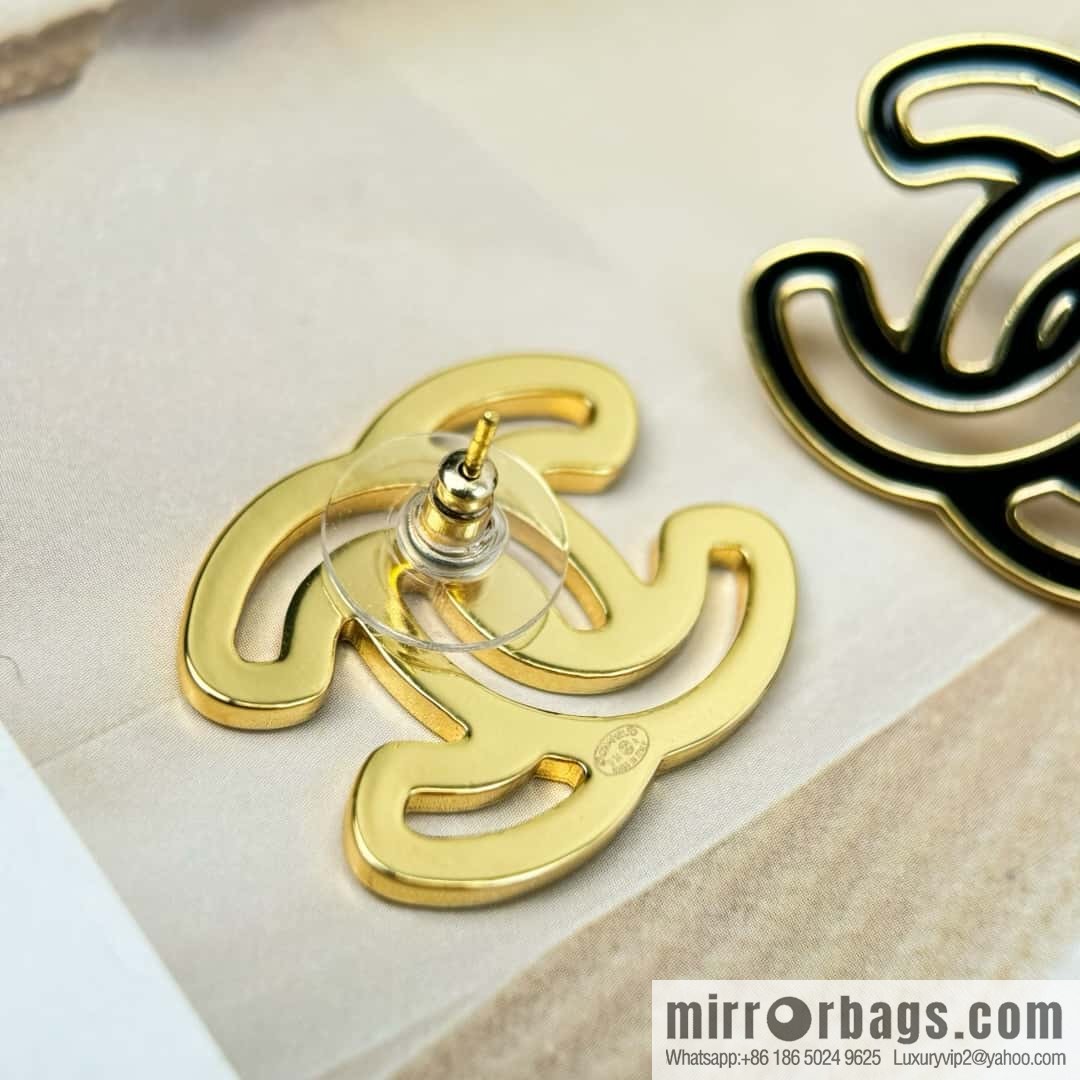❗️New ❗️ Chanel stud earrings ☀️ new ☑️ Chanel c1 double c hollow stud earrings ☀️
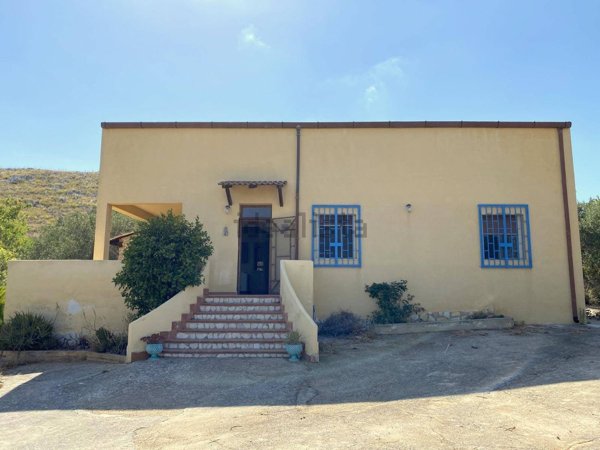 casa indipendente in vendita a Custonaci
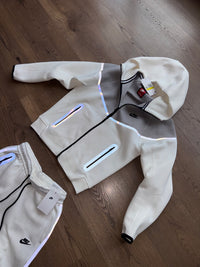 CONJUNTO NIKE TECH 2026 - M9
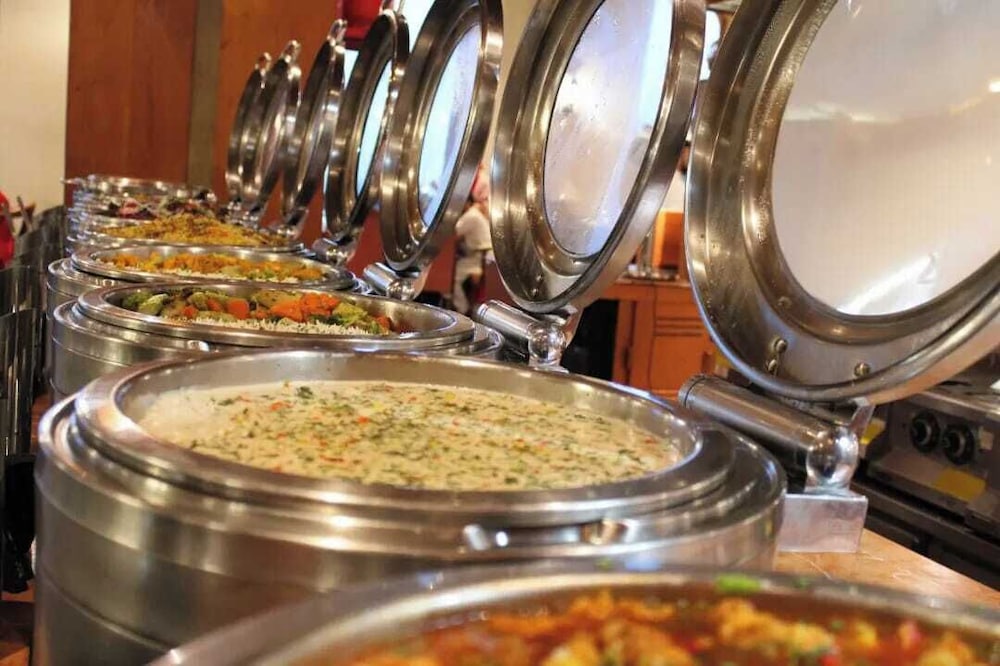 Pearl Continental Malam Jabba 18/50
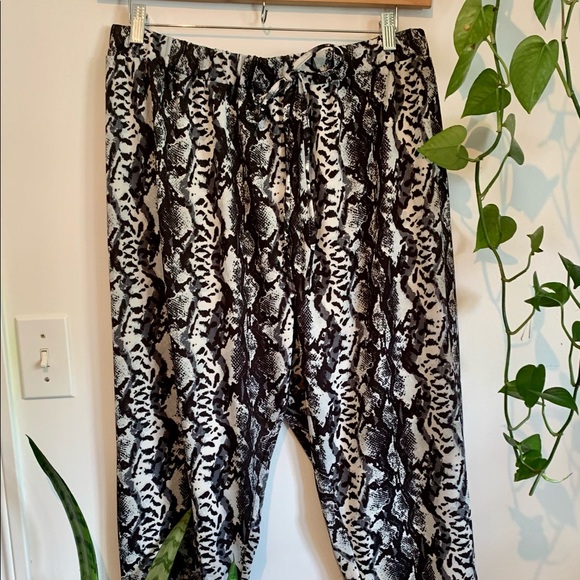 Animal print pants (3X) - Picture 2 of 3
|---|
→ **Exercise**: Everything in the records above should be retyped exactly except the pictures.

→ **Reply to the exercise**:
❗️New ❗️ Chanel stud earrings ☀️ new ☑️ Chanel c1 double c hollow stud earrings ☀️
 casa indipendente in vendita a Custonaci
 CONJUNTO NIKE TECH 2026 - M9
 Pearl Continental Malam Jabba 18/50
 Animal print pants (3X) - Picture 2 of 3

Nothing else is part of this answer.